Knowledge regarding the genetic risk loci for gestational diabetes mellitus (GDM) is still limited. In this study, we performed a two-stage genome-wide association analysis in Korean women. In the stage 1 genome scan, 468 women with GDM and 1,242 nondiabetic control women were compared using 2.19 million genotyped or imputed markers. We selected 11 loci for further genotyping in stage 2 samples of 931 case and 783 control subjects. The joint effect of stage 1 plus stage 2 studies was analyzed by meta-analysis.
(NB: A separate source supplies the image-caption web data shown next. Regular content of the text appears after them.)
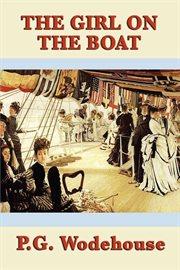 The Girl on the Boat cover image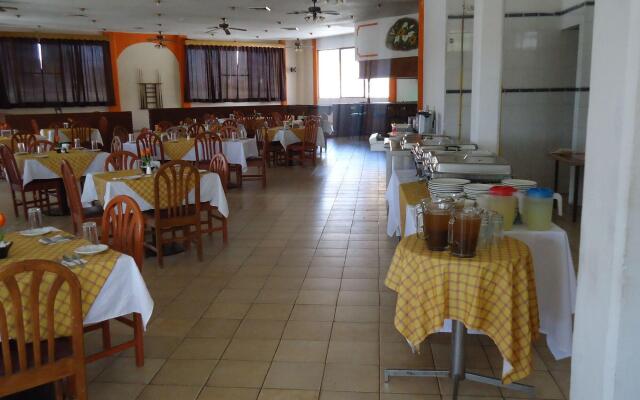 Hotel Casa Real Matehuala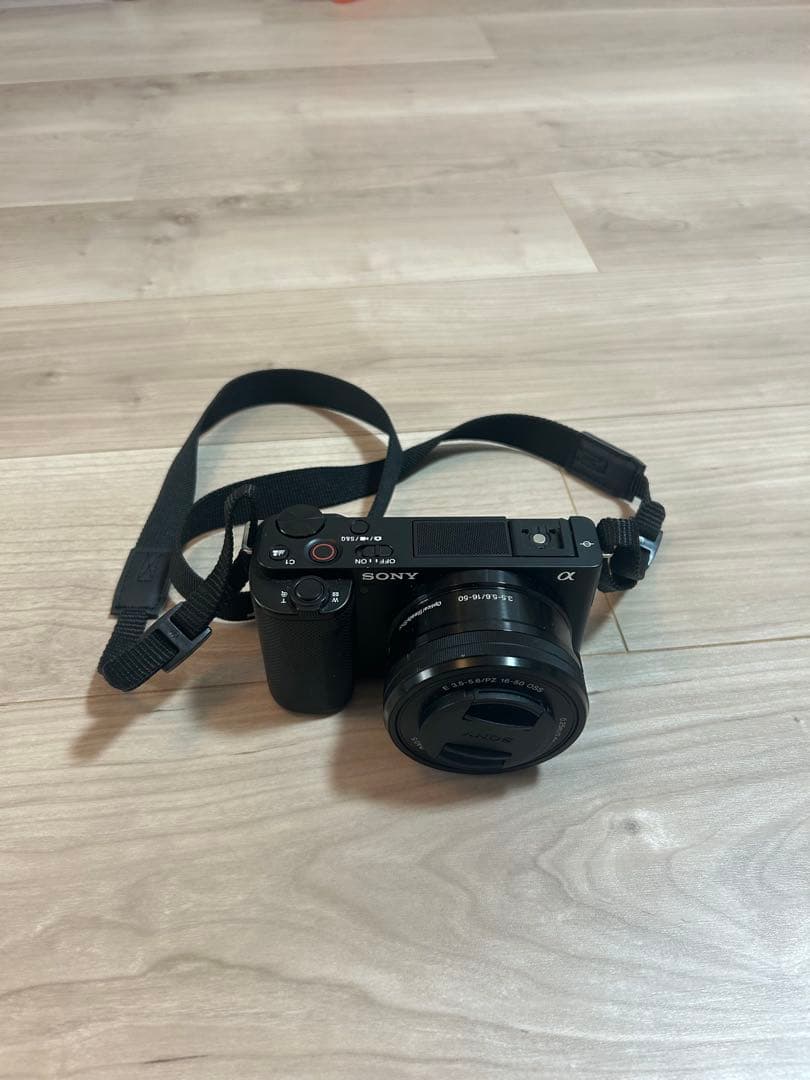 Sony ZV-E10 4K ミラーレスカメラ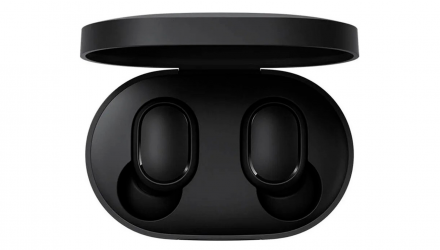 Навушники Бездротовий Xiaomi Redmi AirDots 2 Black - Retromagaz, image 2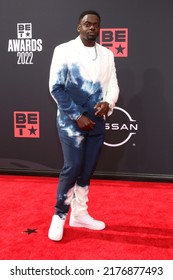 LOS ANGELES - JUN 26:  Daniel Kaluuya At The 2022 BET Awards At Microsoft Theater On June 26, 2022 In Los Angeles, CA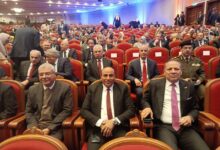 جامعة سوهاج تشارك في احتفالية جائزة مصر للتميز الحكومي في دورتها الرابعة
We also investigated the effect of known type 2 diabetes variants in GDM. Two loci known to be associated with type 2 diabetes had a genome-wide significant association with GDM in the joint analysis. rs7754840, a variant in CDKAL1, had the strongest association with GDM (odds ratio 1.518; P = 6.65 × 10−16). A variant near MTNR1B, rs10830962, was also significantly associated with the risk of GDM (1.454; P = 2.49 × 10−13). We found that there is an excess of association between known type 2 diabetes variants and GDM above what is expected under the null hypothesis. In conclusion, we have confirmed that genetic variants in CDKAL1 and near MTNR1B are strongly associated with GDM in Korean women. There seems to be a shared genetic basis between GDM and type 2 diabetes.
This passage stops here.